Diriwayatkan dari Al-Bara` bin ‘Azib ra, seperti yang diriwayatkan oleh Imam Ahmad dalam musnadnya,

حَدَّثَنَا أَسْوَدُ بْنُ عَامِرٍ، حَدَّثَنَا إِسْرَائِيلُ، عَنْ جَابِرٍ، عَنْ عَامِرٍ، عَنْ الْبَرَاءِ بْنِ عَازِبٍ، قَالَ: صَلَّى رَسُولُ اللهِ صَلَّى اللهُ عَلَيْهِ وَسَلَّمَ عَلَى ابْنِهِ إِبْرَاهِيمَ وَمَاتَ، وَهُوَ ابْنُ سِتَّةَ عَشَرَ شَهْرًا، وَقَالَ: " إِنَّ لَهُ فِي الْجَنَّةِ مَنْ تُتِمُّ رَضَاعَهُ وَهُوَ صِدِّيقٌ "

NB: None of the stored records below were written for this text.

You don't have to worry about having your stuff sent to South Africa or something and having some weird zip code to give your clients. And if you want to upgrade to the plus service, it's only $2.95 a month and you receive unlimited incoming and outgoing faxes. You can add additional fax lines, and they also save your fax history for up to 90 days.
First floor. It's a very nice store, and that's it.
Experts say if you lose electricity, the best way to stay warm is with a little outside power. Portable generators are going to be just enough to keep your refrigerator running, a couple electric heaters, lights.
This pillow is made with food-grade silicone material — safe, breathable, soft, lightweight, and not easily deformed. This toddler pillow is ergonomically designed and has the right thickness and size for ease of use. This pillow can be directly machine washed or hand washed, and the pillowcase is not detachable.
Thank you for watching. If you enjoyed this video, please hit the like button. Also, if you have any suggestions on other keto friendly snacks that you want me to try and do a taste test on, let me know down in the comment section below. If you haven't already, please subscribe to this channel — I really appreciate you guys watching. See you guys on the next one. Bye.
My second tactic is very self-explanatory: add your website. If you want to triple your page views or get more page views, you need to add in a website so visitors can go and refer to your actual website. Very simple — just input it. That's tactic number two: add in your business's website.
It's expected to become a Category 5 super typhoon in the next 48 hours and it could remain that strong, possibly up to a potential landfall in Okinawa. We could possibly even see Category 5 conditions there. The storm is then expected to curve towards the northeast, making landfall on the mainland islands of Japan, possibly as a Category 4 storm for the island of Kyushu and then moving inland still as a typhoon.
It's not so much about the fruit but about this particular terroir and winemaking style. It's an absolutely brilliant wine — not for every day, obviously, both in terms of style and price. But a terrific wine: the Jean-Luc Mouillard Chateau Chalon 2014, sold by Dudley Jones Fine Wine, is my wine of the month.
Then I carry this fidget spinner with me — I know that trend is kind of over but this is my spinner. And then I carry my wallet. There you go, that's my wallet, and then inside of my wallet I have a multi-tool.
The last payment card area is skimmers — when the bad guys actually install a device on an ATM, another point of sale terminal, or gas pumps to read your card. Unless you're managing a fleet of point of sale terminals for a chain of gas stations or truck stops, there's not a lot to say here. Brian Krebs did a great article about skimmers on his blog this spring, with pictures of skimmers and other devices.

“Aswad bin ‘Amir menceritakan kepada kami, Isra`il menceritakan kepada kami, dari Jabir, dari ‘Amir, dari Al-Bara` bin ‘Azib yang berkata, Rasulullah shallallahu alaihi wa sallam menyalati putranya Ibrahim yang meninggal dalam usia 16 bulan dan beliau bersabda, “Sesungguhnya di surga ada orang yang menyempurnakannya penyusuannya dan dia termasuk orang yang benar.” (Musnad Ahmad no. 18497).

Juga dikeluarkan oleh Ibnu Sa’d dalam Thabaqatnya dari jalur Israil, dan Al-Baihaqi dalam As-Sunan Al-Kubra dari Al-Aswad bin ‘Amir selanjutnya sama dengan di atas. Sanad ini dhaif karena ada nama Jabir Al-Ju’fi [1].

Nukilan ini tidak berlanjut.